The artificial intelligence community, in particular machine learning because really that's what we are trying to do, is beginning to take some notice of these techniques; I think it should be taking a bit more notice. I have had some vehement opposition from a certain quarter but he hasn't actually yet managed to prove us wrong. No doubt he's working on it. But certainly in so far as the basic theory goes, whether you put it in the framework of a la Solomonoff of using a simple universal Turing machine to decode encoded descriptions of the data, or whether we put it in the Bayesian statistical framework of choosing from a possibly large but still not unlimited set of hypotheses which might fit the data, choosing the one that really does, there are lots of good theorems which say this is the right way to go, one of the most powerful actually produced by a theoretical statistician at Stanford who has managed to prove that if you use this technique and the data is indeed coming from a probability distribution which is either computable, or computable given a few uncomputable constants, then (and you go the route that we have of looking for the shortest possible encoding) [...] within a finite time you will get the right answer. You only need a finite amount of data to find the real honest to God probability distribution from which this data is coming. That is a very powerful theorem, it is very general, it's got rates of convergence and all sorts of things coming out of it. I don't understand it myself -- it uses mathematics that I'm not familiar with -- but it's nice to know that apparently we are doing something respectable. And nobody's really been able to show that it doesn't work -- come up with any convincing example where you get the wrong answer by using this technique.

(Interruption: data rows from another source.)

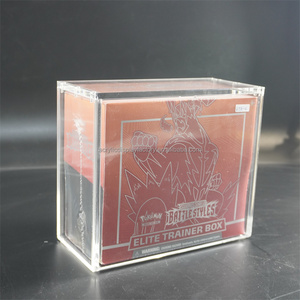 Boîte d'affichage <span class=keywords><strong>Etb</strong></span> magnétique en acrylique de 6mm personnalisée en gros pour <span class=keywords><strong>Etb</strong></span> Pokemoned - Product Image 3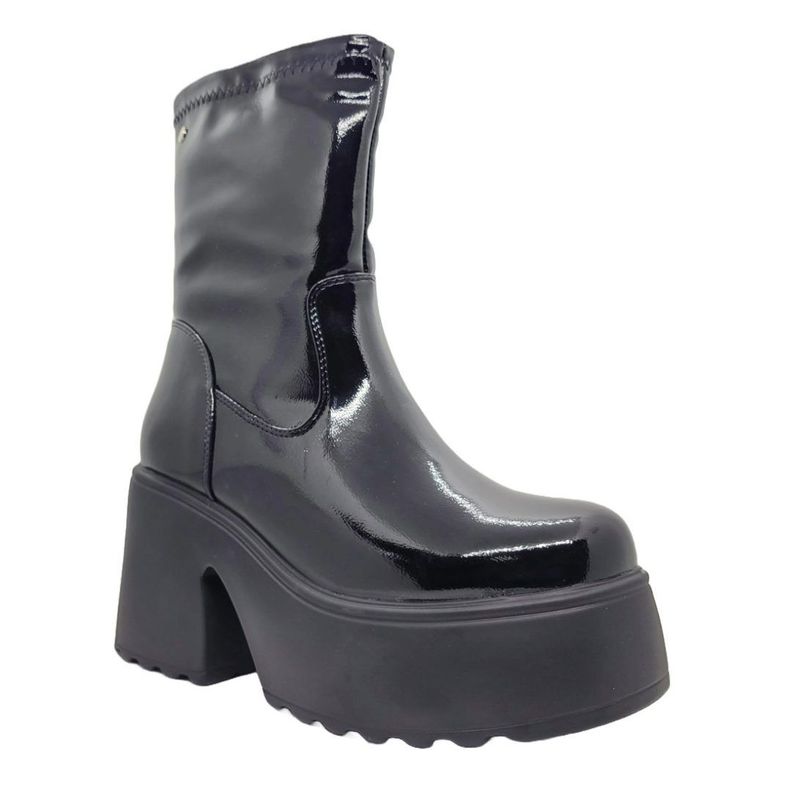 BOTAS ALQUIMIA NEGRO CHAROL 4434-0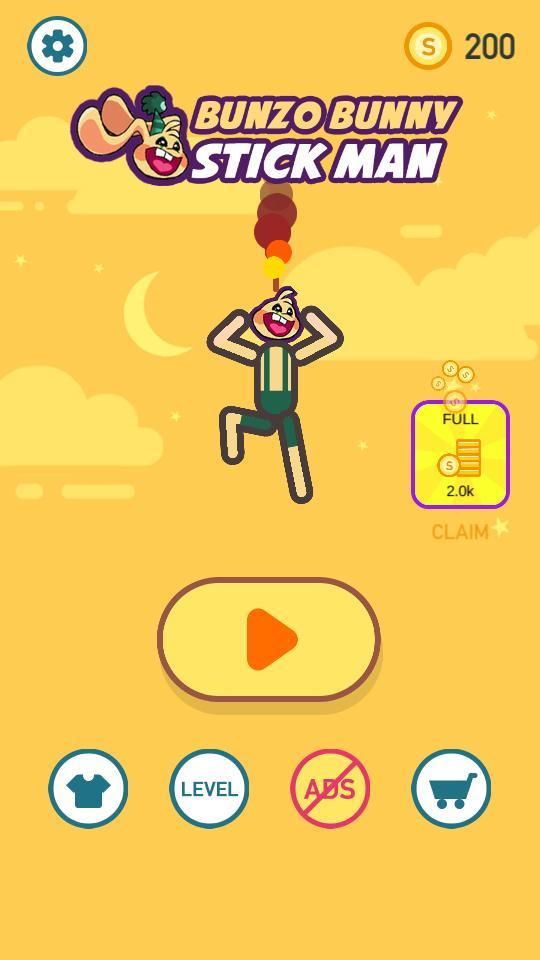 Bunzo bunny stickman screenshot image 1_Popularmodapk.com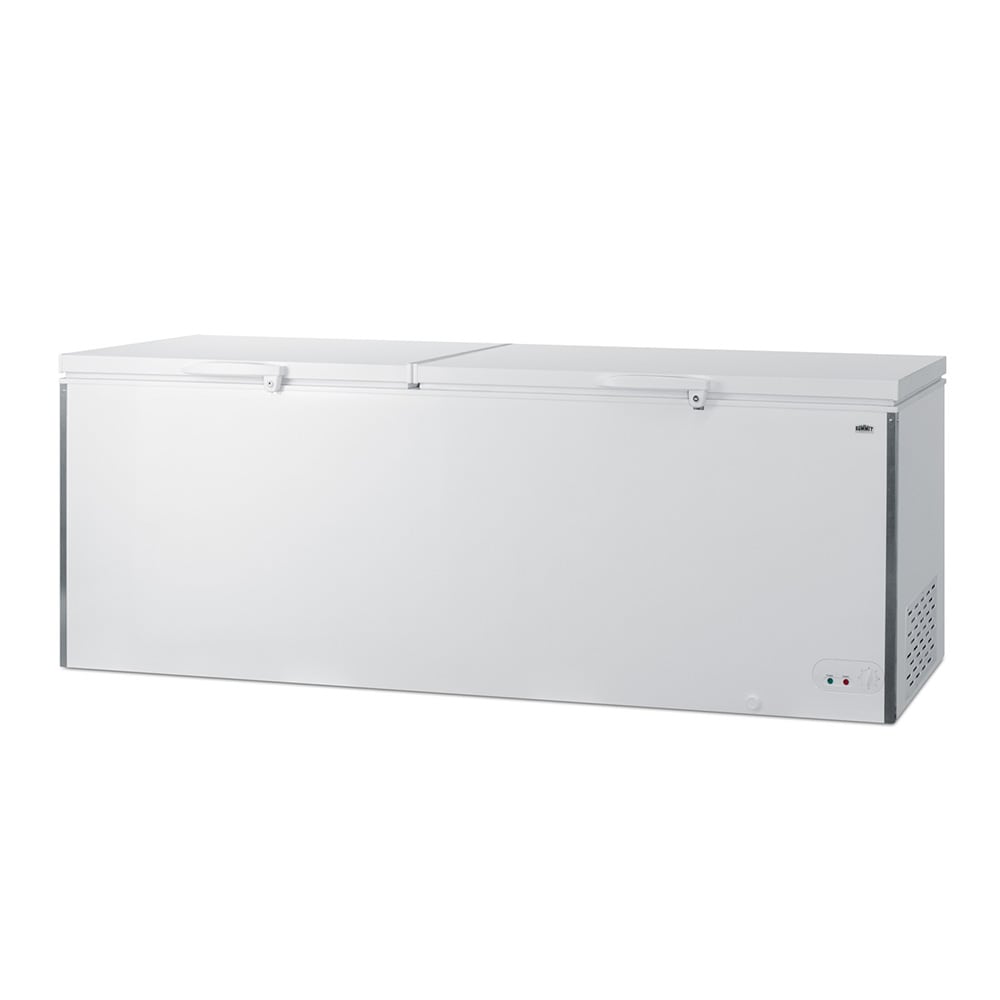 162-SCFM252W 91 1/4" Mobile Chest Freezer - White, 115v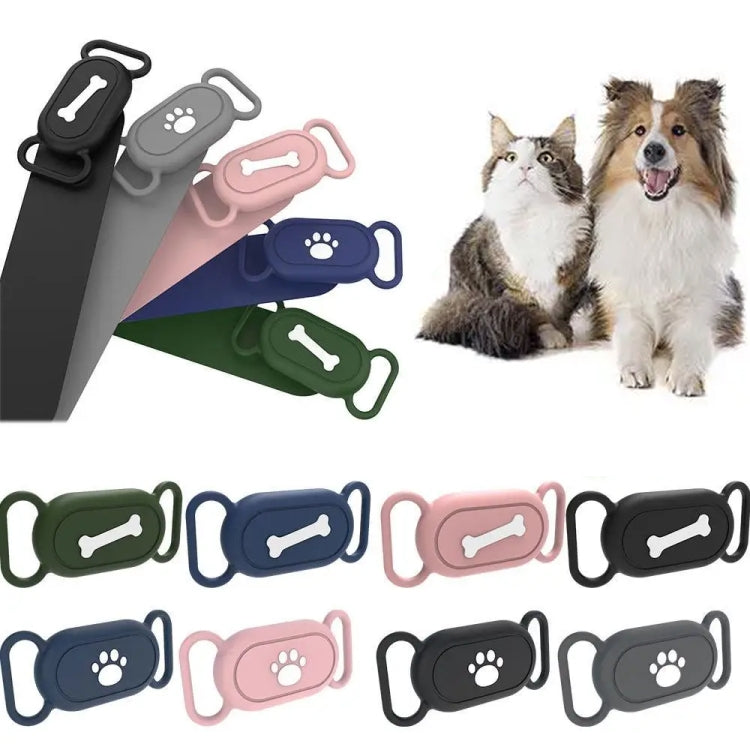 Custodia protettiva in silicone impermeabile per Samsung Galaxy SmartTag 2 Pet Life, Black Cat Claw, Black Bone, Pink Cat Claw, Pink Bone, Deep Blue Cat Claw, Deep Blue Bone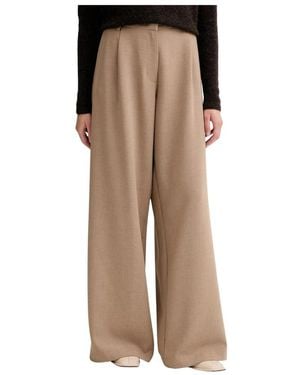 Sessun Wijde Broek - Bruin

So anyway, that's the end of my history.
It's still open-ended.
There's still a great deal of work to be done.
You may say what the hell has it got to do with
computing but it is indeed very significant, I think,
that the people that got things out of this,
or came up with these ideas,
were
an engineer working with RCA and using computers all the time,
that was Solomonoff,
and who knew a lot about Turing machines (still does),
another engineer, David Boulton,
who knew a lot about coding and information theory,
a lapsed physicist, me, who knew a bit of statistics
and a fair bit about the workings of machines,
and Rissanen who was also an engineer.
Statisticians just didn't come into it.
Learning theorists don't come into it.
I think you had to have the background in dealing with
real numbers crunching through real processes
in a machine and coming up with real answers and thinking along those terms,
rather than elegant mathematical theories, to be led down this path.
It is a very simple-minded path.
What it's saying is that the most convincing story
about some data is the shortest one.
Full stop.
OK, it's not easy to turn that precept
quantitatively into something that you can use,
but that's basically what we've done.
The fundamental idea is trivial, but very strong and I think
it still has a lot in it which remains to be found out.
I have been thoroughly subverted by Kevin Korb and
Charles Twardy -- don't go around talking to philosophers, they muck your
brain around -- but I am now persuaded that, for instance,
we can show that although given present knowledge,
the present state of the universe,
we can make predictions, *deduce* things about the future,
we cannot actually deduce things about the past.
Well you can but you get stupid answers.
When we are reasoning about the past we actually
have to use inductive logic,
which is the basis of statistical and inductive inference.
So OK, this is amusing if true.
If it is true it solves a couple of conundrums which have been puzzling
philosophers of science for a while,
but it remains to be seen whether it is.
So anyway, that's the kind of thing I'm thinking about at the moment,
utterly pointless, but there it is.
I'm retired. I'm allowed to do that.
Any questions?

Q: inaudible.

A: The point that it is the same as the Bayesian approach,
even that hasn't sunk in.
Because until you come to realize the importance of
considering the *precision* of statement of parameters the ordinary
Bayesian approach doesn't get you there.
You can't equate posterior probability density with posterior probability.
Until you do the business about Fisher informations and
precisions of estimation you can't use a Bayesian technique to give you,
to lead you to a hypothesis which you can plausibly say, is the hypothesis
of highest posterior probability,
because you can't assign any posterior probability
to any hypothesis if they've got real parameters --
in the conventional Bayesian sense.
So that message still has got to get across.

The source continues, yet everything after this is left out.